In my earlier post I proposed that Chaos is not necessarily a bad thing – as a transitional state. You know how when you start a major house-cleaning project, it always looks worse than when you started? That is Chaos as a transitional state. But maybe it is really the edge of chaos – it simply brings Chaos from being part of the wallpaper to being front-and-center while a new order is created.

At the end of my earlier post, I asked these questions:

Can we suspend our disbelief in the possibility that the outcome of trying something new can be anything other than anarchy, failure, or ridicule?

Can you suspend your disbelief long enough to give it a try?

Now I reframe those questions: Are you willing to live at the edge of chaos in order to make a space for creativity, change, growth?

And I add this question: Are you willing to help others step out onto the edge?

Coincidences and Beliefs and the Importance of Why

I have learned to pay attention to coincidences. If something comes up multiple times within a short time frame, it gets my attention.

Many people rely on the Rule of Threes, or the idea that things happen in threes. But when it comes to coincidences, I am willing to stand up for things happening in pairs. After all, if you think about someone, and then they call you, aren’t you usually willing to say, “Wow, what a coincidence! I was just thinking about you!”

In fact, just the word “coincidence” points to a minimum of only two events. “Co” means “with” or “together,” and “incidence” means “to fall on.” So only two events happening together can be a coincidence.

This may not appeal to statisticians who look for at least five data points in a certain direction before they are willing to pronounce the existence of a trend. (That’s for another blog.) But I submit that it only takes a couple of incidents to get my attention, and a pattern of events really gets my attention. It doesn’t have to be trend, just a Coincidence in order to make me stop and ask questions. A Stereophonic Theory of Incidents is fine with me – I don’t require Quadraphonic Incidents or Surround Sound when it comes to noticing something and making me wonder.

Case in Point: Multiple Events have come up recently that asked me to stop and think about my beliefs and the effect of my beliefs on my actions.

In their Triple Impact Practitioners Programs, Michael Broom and Edie Seashore recently asked participants (including me) to stop and think about their beliefs about support that guide their behavior about getting support for themselves. Hmm. Then we were asked to consider where those beliefs may have come from and whether they are appropriate now. Hmm.

Then, within only a few days, Marcia Wieder, in her Dream University’s “90 Days to Transform Your Life” program, asked participants to articulate their beliefs around their dreams, and to think about whether they are limiting beliefs or empowering beliefs. Hmm.

Double Hmm. Within only a few days, I have been asked to stop and think about my beliefs, many of which I take for granted, and how they affect my actions and the choices I make.

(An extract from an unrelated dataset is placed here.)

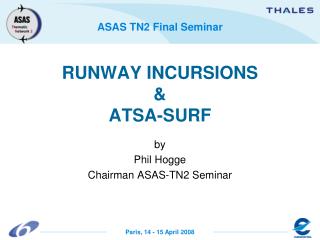 RUNWAY INCURSIONS &amp; ATSA-SURF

That was enough of a coincidence to really get my attention.

If we take some beliefs for granted, how do we even identify them? How do we bring them forward, or to the surface, so we can look at them objectively?

I think that asking the question “Why?” is a great tool for this. If I make a statement, or a decision, or a choice, such as “I couldn’t possibly do that,” “I must do X,” “That person will or won’t do that,” or “The universe works this way,” and then I ask myself “Why?” (or “Why Not?”), the answer is probably a Belief. It may be helpful (or even necessary) to ask “Why?” several times to get to the core belief. (Or the Root Cause, in the language of various Quality programs, although they do not typically talk about Beliefs. Consider the “5 Why’s” of Taiichi Ohno’s Toyota Production System and Lean Manufacturing.) Once that core belief is uncovered, I can then ask myself why I may have adopted that belief, whether I really believe it, and whether it still makes sense.

This can be a very useful practice for identifying why I may say one thing but do something else, or why I may have trouble with X, Y or Z. It can help me to be authentic, to be the author of my own life. It can help to shine a light on the beliefs at the root of tunnel vision. Because the truth is, we can choose what we believe, once we stop and think about it. Coincidences may make us sit up and notice things, but we do not believe things because of coincidences. We believe things because we choose to accept them – or not.

If you are facing a stumbling block in some part of your life, whether it is a pattern of events that trouble you, or a project that has gone poorly, or a relationship isn’t what you would like, or you are stuck in some way, think about the statements you have made about it and then ask yourself “Why?” Then ask “Why?” about the answer. Take the elevator to the ground floor and see what is there when the doors open.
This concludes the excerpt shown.